Von großen und kleinen Kuchenstücken: Interview mit Investmentberater Falk Müller-Veerse

Wir treffen Falk Müller-Veerse in seinem Münchner Büro: Lehel, beste Lage mit Blick auf die Isar. Der Gründer von Cartagena Capital ist seit der Fusion seiner Firma mit Bryan, Garnier & Co. Managing Partner bei der internationalen Investmentbank. Der freundliche Umgangston täuscht nicht darüber hinweg, dass hier mit richtig viel Geld gearbeitet wird – und das offenbar mit großem Erfolg.

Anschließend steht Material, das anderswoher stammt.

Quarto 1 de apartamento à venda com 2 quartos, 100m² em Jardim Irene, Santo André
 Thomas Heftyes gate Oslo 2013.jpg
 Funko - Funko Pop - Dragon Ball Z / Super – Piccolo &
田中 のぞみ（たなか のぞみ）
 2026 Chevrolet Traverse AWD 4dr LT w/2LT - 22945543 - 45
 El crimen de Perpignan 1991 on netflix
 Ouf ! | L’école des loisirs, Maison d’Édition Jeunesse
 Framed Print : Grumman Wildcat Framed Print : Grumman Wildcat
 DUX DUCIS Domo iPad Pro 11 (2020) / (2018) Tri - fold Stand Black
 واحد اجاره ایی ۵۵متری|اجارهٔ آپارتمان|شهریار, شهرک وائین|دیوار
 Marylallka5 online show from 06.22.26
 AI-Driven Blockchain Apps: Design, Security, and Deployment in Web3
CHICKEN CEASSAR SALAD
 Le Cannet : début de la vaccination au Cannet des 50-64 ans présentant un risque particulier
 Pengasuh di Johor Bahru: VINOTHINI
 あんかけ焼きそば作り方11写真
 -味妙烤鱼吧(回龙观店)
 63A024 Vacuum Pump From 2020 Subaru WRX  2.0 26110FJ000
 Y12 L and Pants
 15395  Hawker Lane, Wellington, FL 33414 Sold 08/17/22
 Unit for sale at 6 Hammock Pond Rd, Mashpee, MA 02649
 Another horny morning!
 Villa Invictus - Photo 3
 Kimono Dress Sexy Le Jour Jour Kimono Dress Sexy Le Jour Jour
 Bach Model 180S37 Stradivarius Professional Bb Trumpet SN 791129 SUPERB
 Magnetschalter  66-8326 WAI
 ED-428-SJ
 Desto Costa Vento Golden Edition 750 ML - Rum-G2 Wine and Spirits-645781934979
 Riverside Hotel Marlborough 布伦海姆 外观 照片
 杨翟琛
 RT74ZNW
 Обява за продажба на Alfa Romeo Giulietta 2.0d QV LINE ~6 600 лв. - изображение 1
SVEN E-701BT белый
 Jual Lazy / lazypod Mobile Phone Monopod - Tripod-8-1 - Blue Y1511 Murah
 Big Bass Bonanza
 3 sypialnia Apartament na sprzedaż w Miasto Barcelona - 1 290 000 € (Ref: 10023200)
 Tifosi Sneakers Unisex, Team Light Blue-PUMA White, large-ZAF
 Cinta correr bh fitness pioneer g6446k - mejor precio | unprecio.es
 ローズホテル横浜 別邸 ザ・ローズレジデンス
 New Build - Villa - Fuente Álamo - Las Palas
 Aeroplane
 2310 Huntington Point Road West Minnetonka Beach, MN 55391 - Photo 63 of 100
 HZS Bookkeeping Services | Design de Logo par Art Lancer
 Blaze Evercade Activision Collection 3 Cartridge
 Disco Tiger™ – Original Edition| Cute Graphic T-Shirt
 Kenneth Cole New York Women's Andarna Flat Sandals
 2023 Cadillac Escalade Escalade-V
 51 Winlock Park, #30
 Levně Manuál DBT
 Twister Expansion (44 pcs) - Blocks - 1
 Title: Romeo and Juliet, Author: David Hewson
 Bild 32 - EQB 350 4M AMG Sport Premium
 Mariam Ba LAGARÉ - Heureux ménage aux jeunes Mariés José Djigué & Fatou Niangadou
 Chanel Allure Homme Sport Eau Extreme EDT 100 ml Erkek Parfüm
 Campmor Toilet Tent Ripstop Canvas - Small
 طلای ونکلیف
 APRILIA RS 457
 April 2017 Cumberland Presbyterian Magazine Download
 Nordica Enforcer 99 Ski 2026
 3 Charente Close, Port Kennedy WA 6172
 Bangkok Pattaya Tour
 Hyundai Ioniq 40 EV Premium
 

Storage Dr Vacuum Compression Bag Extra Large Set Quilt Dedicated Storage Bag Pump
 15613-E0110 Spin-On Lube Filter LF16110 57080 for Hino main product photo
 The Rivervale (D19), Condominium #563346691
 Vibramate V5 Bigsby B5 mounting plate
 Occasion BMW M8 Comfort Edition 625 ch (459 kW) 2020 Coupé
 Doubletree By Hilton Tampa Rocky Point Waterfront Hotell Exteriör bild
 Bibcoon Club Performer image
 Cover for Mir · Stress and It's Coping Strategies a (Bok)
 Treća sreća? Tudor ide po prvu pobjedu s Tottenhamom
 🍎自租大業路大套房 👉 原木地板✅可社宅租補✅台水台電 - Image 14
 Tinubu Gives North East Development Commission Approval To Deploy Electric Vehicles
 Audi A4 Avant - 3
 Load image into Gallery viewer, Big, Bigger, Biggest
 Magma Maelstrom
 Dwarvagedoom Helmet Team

Uns interessiert die Frage: Was empfiehlt der Finanzprofi Startups auf der Suche nach Investoren?

Glastrophäen, „Financial Tombstones“ genannt, zeigen stolz den bisherigen Erfolg des Unternehmens bei der Vermittlung von Kapital an Wachstumsunternehmen: Unter anderem konnten die Münchner bereits tado° und baimos zu frischem Kapital verhelfen. Nach eigenen Angaben hat Bryan, Garnier & Co. eines der größten Technology-Teams aller Investmentbanken Europas mit 60 Mitarbeitern, davon 15 in Deutschland. Insgesamt beschäftigt die Firma rund 150 Mitarbeiter. Der Fokus: Europäische Wachstumsfirmen.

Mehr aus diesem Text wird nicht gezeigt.